__Task item__: Start to finish, return the listing below exactly, pictures excluded.

__Data block__:
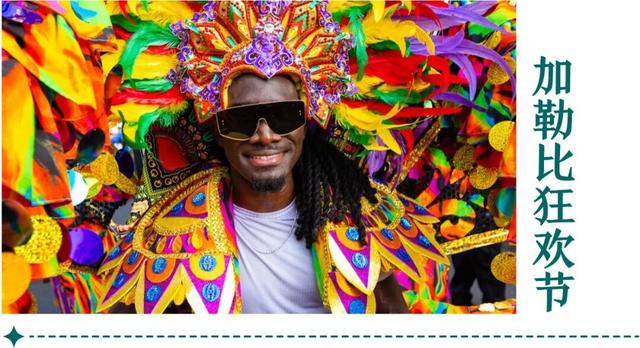 地理冷知识—2026全球最佳旅游地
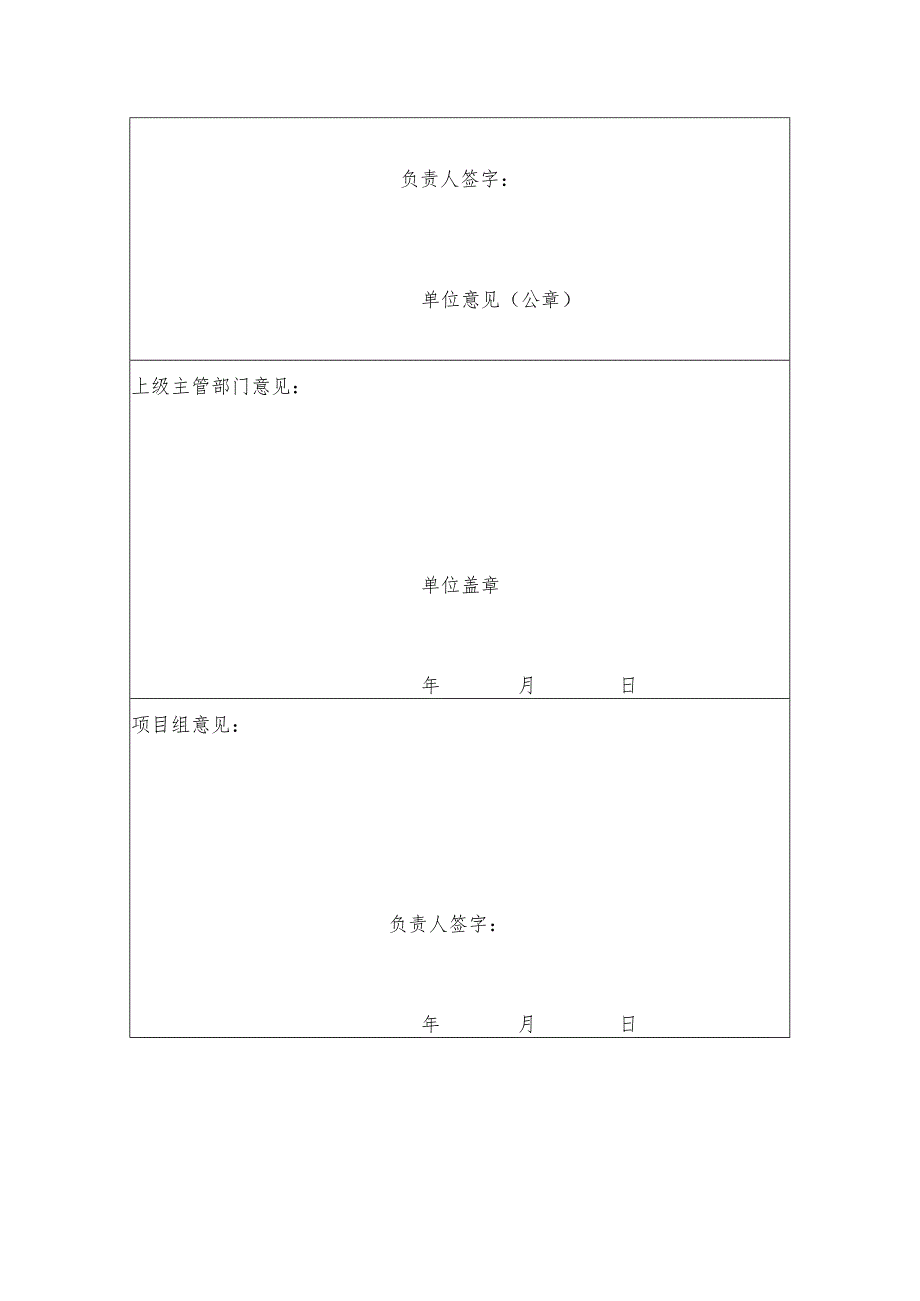 实验基地资格申请表.docx_第2页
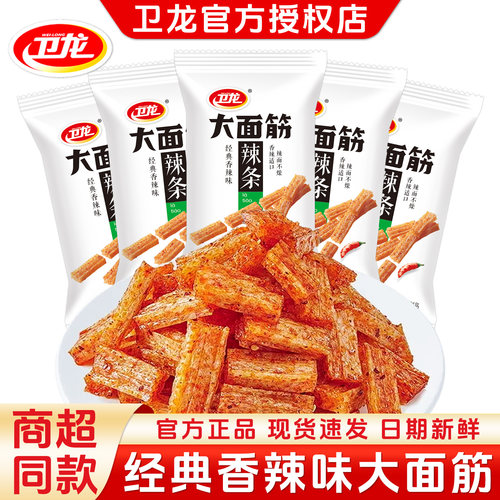 卫龙大面筋辣条24g经典香辣味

__Result__:
 地理冷知识—2026全球最佳旅游地
 实验基地资格申请表.docx_第2页
 卫龙大面筋辣条24g经典香辣味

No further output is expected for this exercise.